KL Denhert’s show and tell

The singer-guitarist will perform in the Hot Jazz series.

KL Denhert (photo credit: HELENE DELILLO)
KL Denhert
(photo credit: HELENE DELILLO)
By and large, the annual Hot Jazz series sticks to its titular category.
However, once in a while series artistic director Ziv Ben strays outside the strict confines of the field to offer audiences a more mass appeal form of entertainment.
You could say that KJ Denhert pertains to the latter classification, with the accent very much on entertainment. The larger-than-life 57-year-old New Yorker will no doubt bring all her bubbly persona to bear at her upcoming Israeli tour, which includes gigs in Ganei Tikva, Herzliya, Modi’in, Tel Aviv and Haifa between June 18 and 25. She is bringing her regular pianist Bennett Paster with her, with a local threesome of saxophonist Lenny Sendersky, bassist Assaf Hakimi and drummer Gasper Bertoncelj completing the lineup.
The Denhert installment is touted as a show that incorporates a blend of jazz, blues, country music and urban folk – and then some. As far as Denhert is concerned, it is all part and parcel of her craft.
“Of course, it’s all just music. But I think that where you start out and where you grow up and what you hear when you are young – even the television commercials – can influence you even without realizing it,” she says.
The vocalist-guitarist clearly exudes that all-embracing ethos as she follows her music muse up and down the highways and byways of her mind and heart.
She had plenty to feed off as a youngster.
“I grew up in New York in the 1960s,” says the artist, whose parents hailed from Grenada and relocated to the Big Apple shortly before she was born. “That alone is enough to inspire you, I think,” she adds with more than a touch of understatement.
Denhert was six years old when the Fab Four crossed the Pond and took America by storm.
“I remember asking to stay up late to see The Beatles on The Ed Sullivan Show,” she notes, adding that, to the best of her recollection, the British pop group’s debut on American TV was offset by a momentous political event.
“Their first show was delayed because of the assassination of president Kennedy,” she posits, harking back to the tragedy that took place in Dallas on November 22, 1963. “I was in kindergarten.

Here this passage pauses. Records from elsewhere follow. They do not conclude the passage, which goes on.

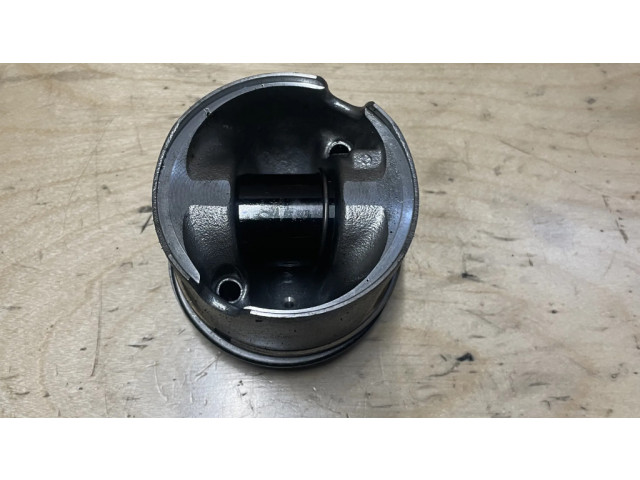 Píst 11257803033, 7803033 BMW 1 F20 F21 pro naftový motor 2.0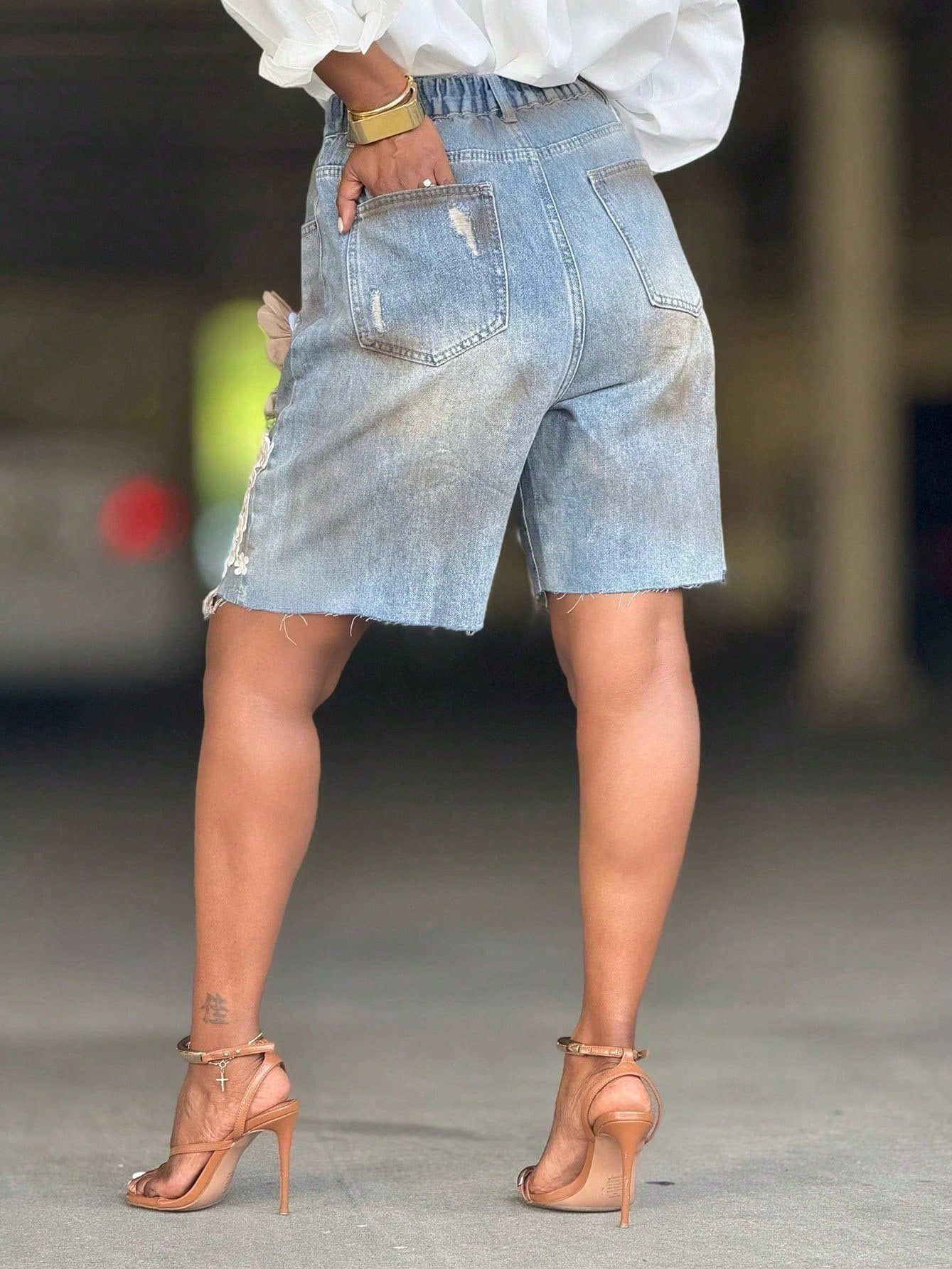 GLOURI Women 3D Floral Appliqu - đánh giá và giá Shorts Denim Frayed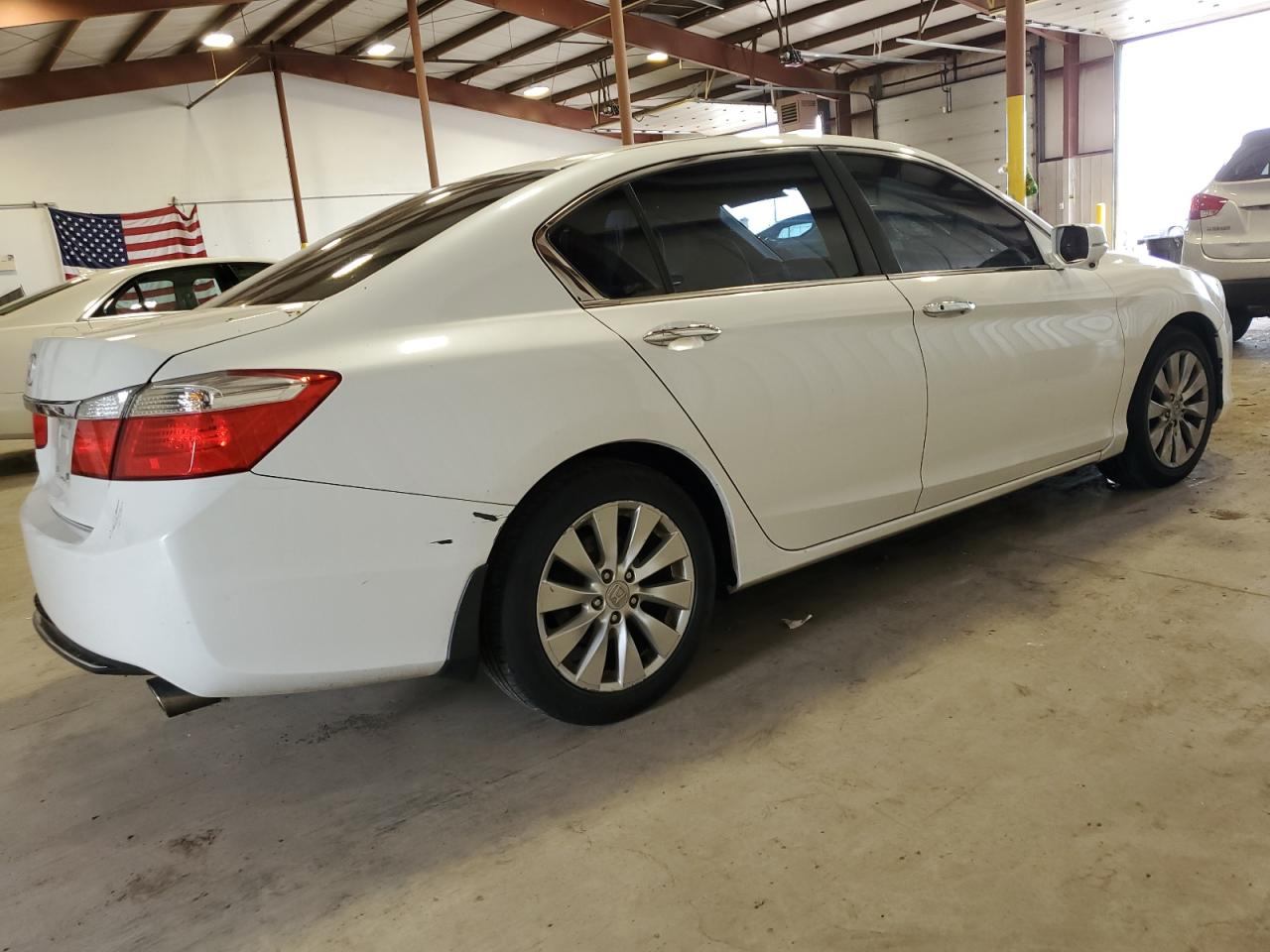 Photo 2 VIN: 1HGCR2F74FA270064 - HONDA ACCORD 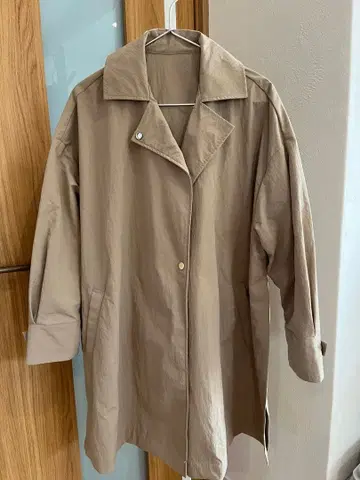 HARUKA DESIGN 베이지 트렌치 A라인 코트 골드 버튼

When the president gets killed and you go through something like that, as a kid I took life very seriously,” she observes before following that up with some adult playfulness. “As a child I was serious; and, now, as an adult, I am childlike.”
Although Denhert says she wasn’t a diehard Beatles fan, pop and rock music were very present in her formative years, and the fabric of eminently accessible commercial vibes runs through her 10-album discography.
But Denhert was always looking to express all the sounds and rhythms she imbibed in her younger years in her own singular style. Her early musical diet was seasoned with the sounds of Brazilian bandleader, pianist and composer Sergio Mendes, who was an early influence. Her sonic directions took on several new twists and turns when she began to get a handle on the work of a preeminent Canadian singer-songwriter.
“Jazz came into my life with Joni Mitchell. She was the first person to start playing with [jazz-pop band] Tom Scott and the LA Express. I remember the first time I heard [Mitchell’s 1974 album] Court and Spark, I was a little taken aback,” says Denhert. “I thought, ‘Oh what’s going on here?’ and I was sold. Then she brought out The Hissing of Summer Lawns [in 1975]. I really know that album. I can almost hear every note of that – John Guerin’s drumming, and you think of the trumpet solo [by Chuck Findley], which was kind of Miles [Davis]-like. That brought the jazz in.”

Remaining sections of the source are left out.